Present in the court room on Monday was two lawyers on behalf of suspect Oleg Pulatov, along with a Russian colleague and interpreter, according to NOS. There were also nine lawyers representing the relatives of victims, fifteen journalists, a sketcher, and a number of relatives. The majority of relatives opted to follow the proceedings via live stream from location in Nieuwegein.
The lawyers representing Pulatov told the court that they are still working through the 36 thousand-page file on this case, and because it is in Dutch, they have not yet been able to discuss the content with their client. The court agreed to their request to let them submit any further investigation request and possibly a first defense in June. Pulatov (55) said through his Russian lawyer that he was not involved in the downing of MH17 and would like to defend himself during the trial. The court took this as proof that he received his summons. "He was therefore aware of the lawsuit and apparently chose not to be present."
The defense present at the hearing countered the earlier OM argument, saying that it will push for an investigation into a looser airspace restrictions in place over Ukraine on July 17, 2014. The attorney suggested that had Ukraine enforced the same minimum altitude as Russia had done, the passenger jet might not have been shot down that day.
The other three suspects did not send lawyers. The court can also not say with certainty whether they received their summons. 49-year-old Igor Girkin was instructed to receive his summons at the Moscow court on December 30th, but he did not appear. A local police officer went to his home, but no one answered. Neighbors told the officer that an elderly woman lived at that address. The Dutch Public Prosecution Service also tried to reach him via Skype an email, but to no avail. Girkin did tell a Russian news agency that he would not appear in court and that the evidence against him is false.

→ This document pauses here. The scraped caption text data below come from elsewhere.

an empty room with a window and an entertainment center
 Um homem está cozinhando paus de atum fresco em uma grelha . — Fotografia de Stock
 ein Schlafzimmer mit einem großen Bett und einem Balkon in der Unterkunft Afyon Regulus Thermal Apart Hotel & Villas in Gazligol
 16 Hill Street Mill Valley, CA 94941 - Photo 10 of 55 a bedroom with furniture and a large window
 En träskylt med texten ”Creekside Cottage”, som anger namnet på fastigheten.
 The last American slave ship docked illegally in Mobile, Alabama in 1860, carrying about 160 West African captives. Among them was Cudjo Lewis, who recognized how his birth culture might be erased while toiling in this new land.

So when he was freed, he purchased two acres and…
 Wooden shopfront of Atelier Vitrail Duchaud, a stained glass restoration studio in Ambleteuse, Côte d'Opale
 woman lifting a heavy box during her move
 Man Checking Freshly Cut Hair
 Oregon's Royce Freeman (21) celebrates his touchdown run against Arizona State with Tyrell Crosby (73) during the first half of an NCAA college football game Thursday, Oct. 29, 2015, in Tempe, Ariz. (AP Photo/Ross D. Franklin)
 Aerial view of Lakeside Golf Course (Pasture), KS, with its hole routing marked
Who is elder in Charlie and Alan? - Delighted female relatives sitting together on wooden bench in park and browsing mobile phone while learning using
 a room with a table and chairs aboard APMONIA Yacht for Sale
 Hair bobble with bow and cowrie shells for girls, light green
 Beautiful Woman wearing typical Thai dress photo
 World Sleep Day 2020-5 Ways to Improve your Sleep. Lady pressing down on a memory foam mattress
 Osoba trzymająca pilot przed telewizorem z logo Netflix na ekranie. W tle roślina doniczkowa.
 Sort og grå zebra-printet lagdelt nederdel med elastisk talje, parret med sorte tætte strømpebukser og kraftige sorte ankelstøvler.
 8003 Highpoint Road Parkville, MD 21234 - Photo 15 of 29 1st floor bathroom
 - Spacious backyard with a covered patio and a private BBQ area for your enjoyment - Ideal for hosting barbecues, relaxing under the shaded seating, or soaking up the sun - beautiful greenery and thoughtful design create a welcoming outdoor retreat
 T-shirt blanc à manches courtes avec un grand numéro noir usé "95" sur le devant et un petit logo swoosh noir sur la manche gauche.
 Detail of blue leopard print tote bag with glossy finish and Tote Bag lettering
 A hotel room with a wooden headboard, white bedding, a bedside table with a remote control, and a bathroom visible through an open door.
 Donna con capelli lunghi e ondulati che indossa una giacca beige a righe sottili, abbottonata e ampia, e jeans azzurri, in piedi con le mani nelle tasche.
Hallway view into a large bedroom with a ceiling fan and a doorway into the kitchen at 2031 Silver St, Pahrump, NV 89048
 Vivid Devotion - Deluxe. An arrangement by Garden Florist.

Delivering 48-year-old Leonid Kharchenko's summons was also unsuccessful. At his address, authorities found the door welded shut by a housing association, and local residents said the Ukrainian man moved away six years ago. The OM left letters with information about the criminal case in several places for him, and tried in multiple other ways to contact him - also informing family members and writing about the summons extensively in the media.
Sergey Dubinskiy (57) did not receive his summons either. He was not at his home address, and he twice failed to appear in the Moscow court to collect the documents there. Attempts to get in touch via Facebook, mail and Skype all failed. He did read a message sent by the Joint Investigation Team, and clicked on a link in an email sent by the team. He was also called. The man who answered denied being Dubinskiy, although detectives recognized his voice. Dubinskiy also told media that he will not stand trial and denied the accusations against him.
Despite these three suspects not taking physical receipt of the summons against them, the trial against them can continue. The summons were issued on time and in the right way in Russia and the Ukraine, the court said. And given the media attention to this case, the court considers unlikely that the suspects do not know about it. If the suspects decide to send a lawyer at a later date, that will be allowed, the court said.